THE INPUT:
-- Opening Marker --

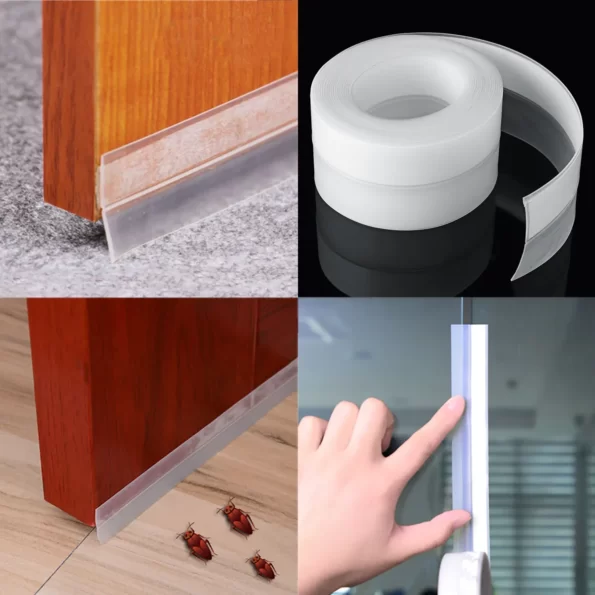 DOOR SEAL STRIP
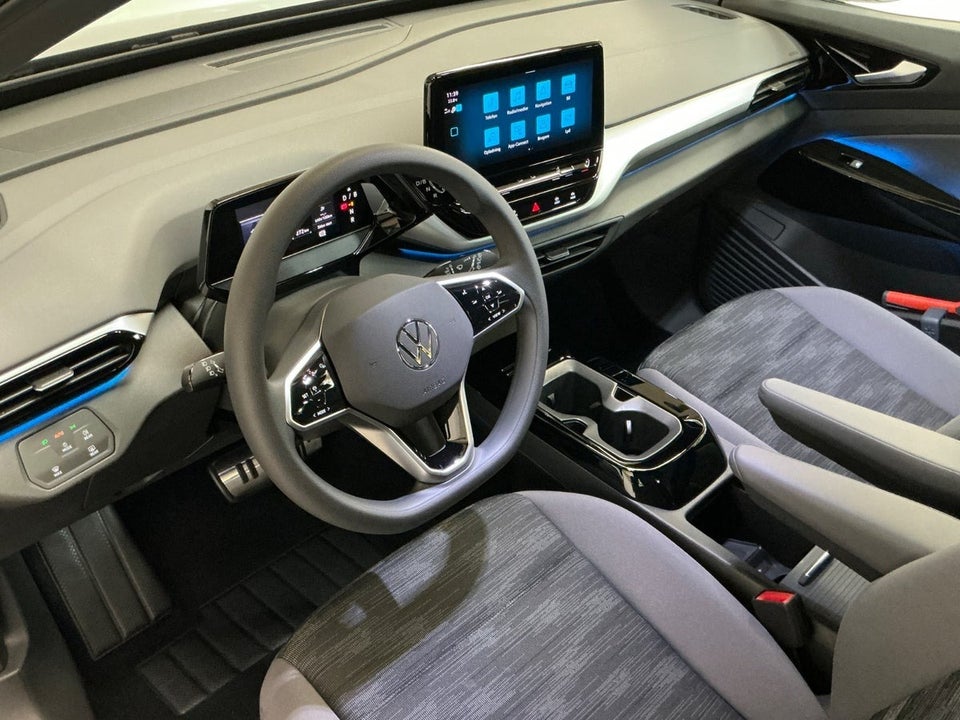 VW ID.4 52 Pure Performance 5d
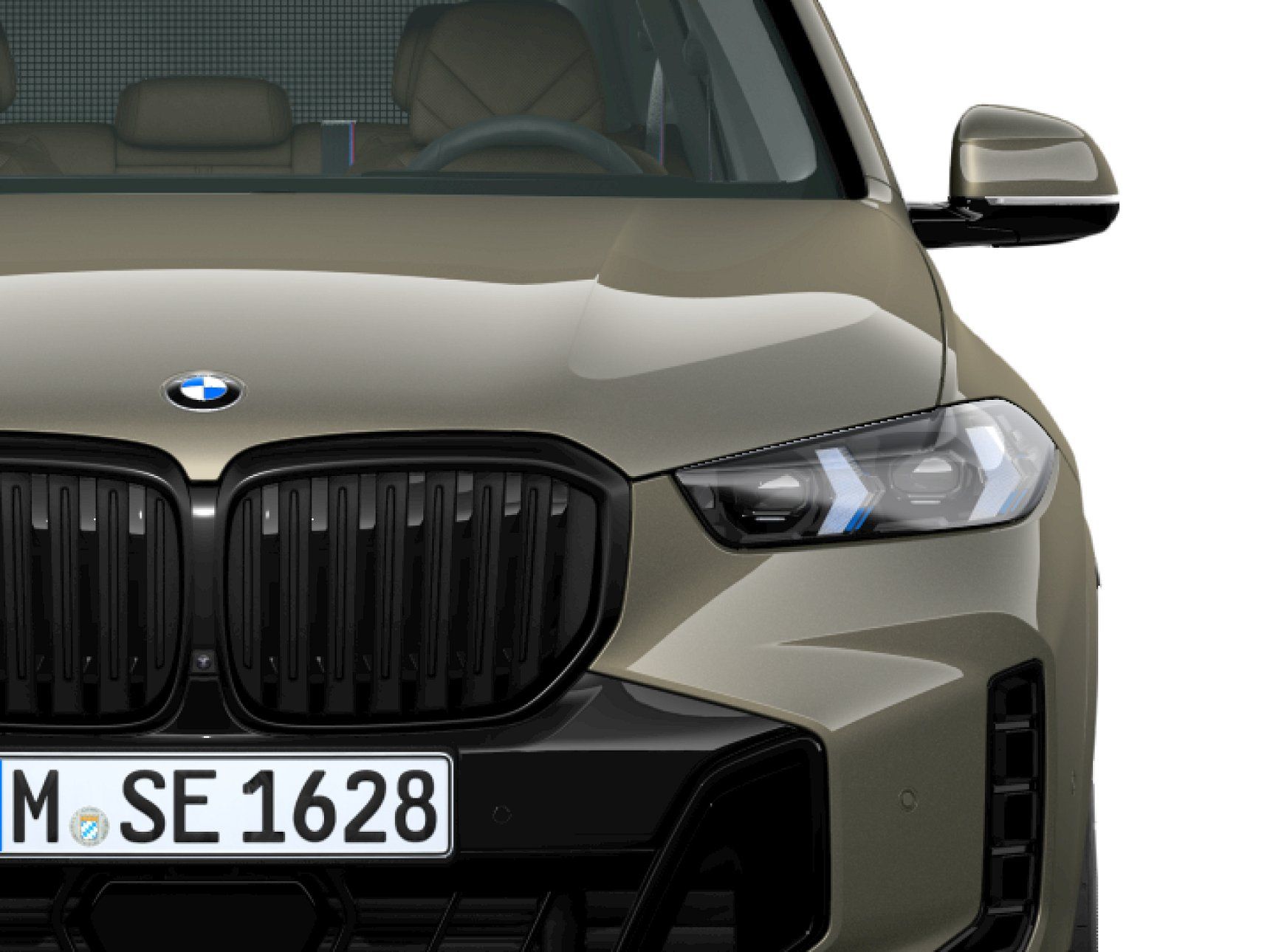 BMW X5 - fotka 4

-- Closing Marker --
-- Opening Marker --

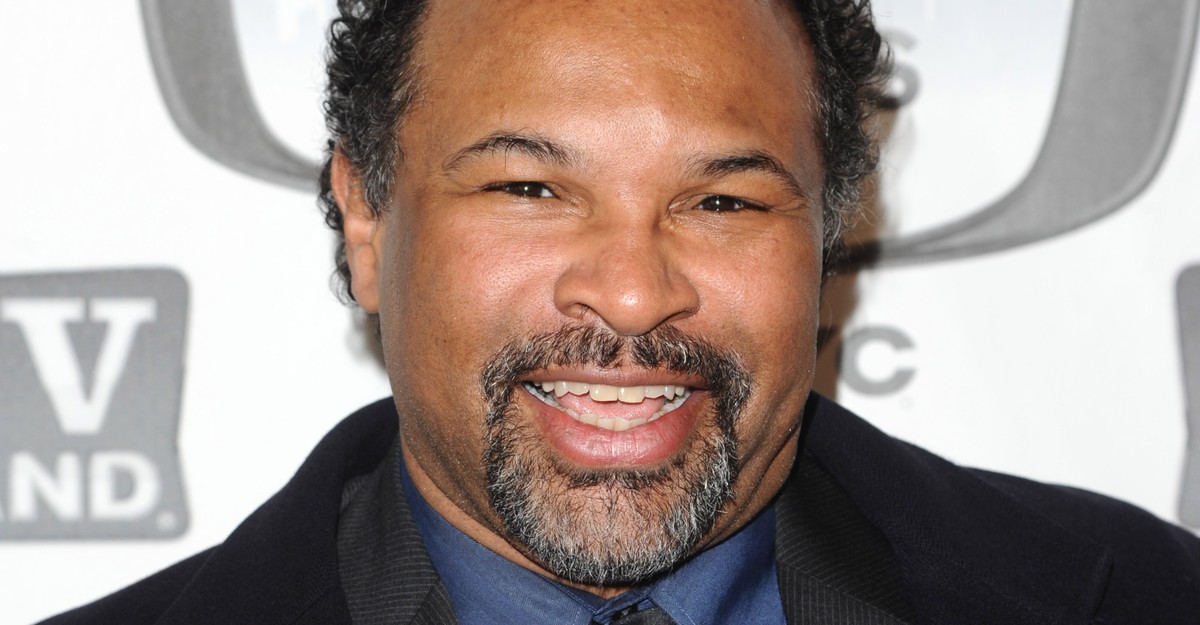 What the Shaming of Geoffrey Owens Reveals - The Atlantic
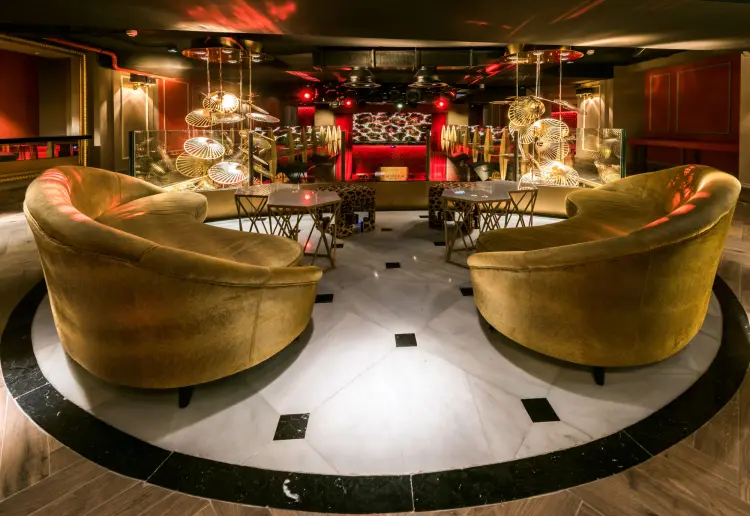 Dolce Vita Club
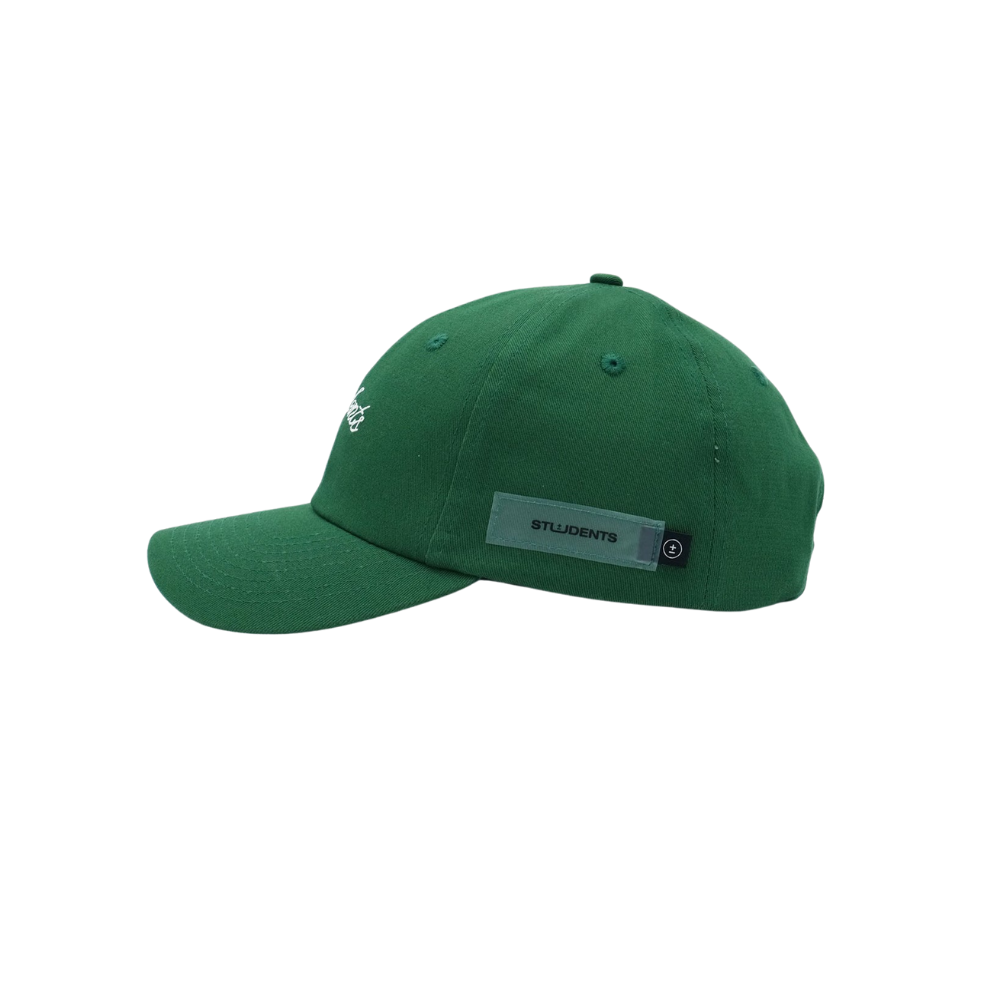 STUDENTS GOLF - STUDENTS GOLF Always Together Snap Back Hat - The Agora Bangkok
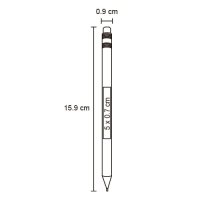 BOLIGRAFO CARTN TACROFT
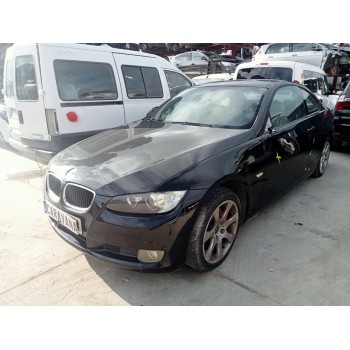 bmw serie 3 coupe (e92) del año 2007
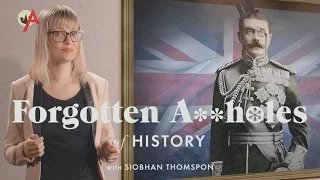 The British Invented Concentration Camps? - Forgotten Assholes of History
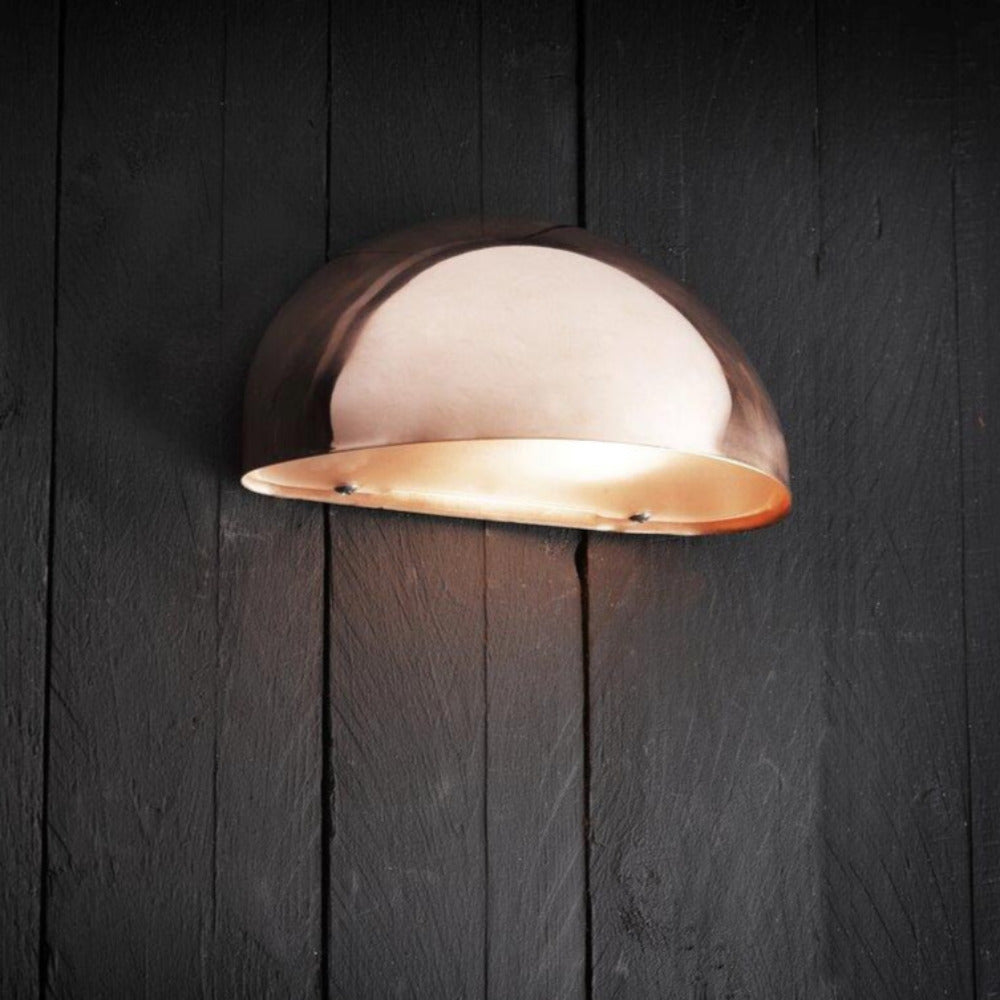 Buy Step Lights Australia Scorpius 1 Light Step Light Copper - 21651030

-- Closing Marker --

PROBLEM STATEMENT:
Reproduce, word for word, everything in the listing above from the line containing "Dolce Vita Club" down to the line containing "Buy Step Lights", both of them included. No pictures.

ANSWER TO THIS EXERCISE:
 Dolce Vita Club
 STUDENTS GOLF - STUDENTS GOLF Always Together Snap Back Hat - The Agora Bangkok
 BOLIGRAFO CARTN TACROFT
 bmw serie 3 coupe (e92) del año 2007
 The British Invented Concentration Camps? - Forgotten Assholes of History
 Buy Step Lights Australia Scorpius 1 Light Step Light Copper - 21651030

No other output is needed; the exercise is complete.